Pékin continue de la soutenir alors que sa cote de popularité est au plus bas.

La frange radicale du mouvement, qui a recours à la violence, semble avoir disparu à l'arrière-plan pour le moment.

Les manifestants les plus radicaux avaient appelé à nouvelle action de blocage de grande ampleur des transports en commun, lundi, en cas d'absence de réponse de l'exécutif.
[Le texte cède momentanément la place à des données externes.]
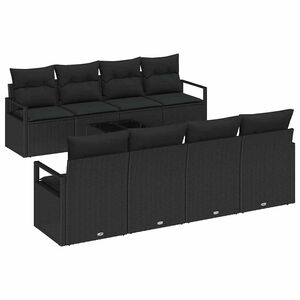 vidaXL Gartensofa-set 9 stk. 8-Sitzanzahl Schwarz Poly-Rattan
Mais cet appel est resté lettre morte.

Sur le forum en ligne LIHKG, qui sert de centre de commandement virtuel aux manifestants qui sont en première ligne, de nombreuses personnes se demandaient si perturber la vie quotidienne des Hongkongais, comme en octobre et novembre, n'avaient pas des effets contre-productifs.

L'importante vague d'arrestations de militants pro-démocratie durant ces deux mois pourrait également avoir un impact sur le mouvement.

"L'ampleur (de la violence) pourrait diminuer un peu à cause de ces arrestations massives ", a expliqué à l'AFP l'analyste politique Dixon Wong.

Un retour de la violence est cependant loin d'être exclu.

Dimanche soir, les organisateurs ont appelé les manifestants à rentrer chez eux. L'un d'eux, vêtu de noir, a enlevé son masque. "Cela fait 30 ans que vous manifestez, mais qu'avez-vous accompli?" a-t-il lancé, "nous avons encore des projets pour beaucoup de choses que nous voulons faire pour Hong Kong".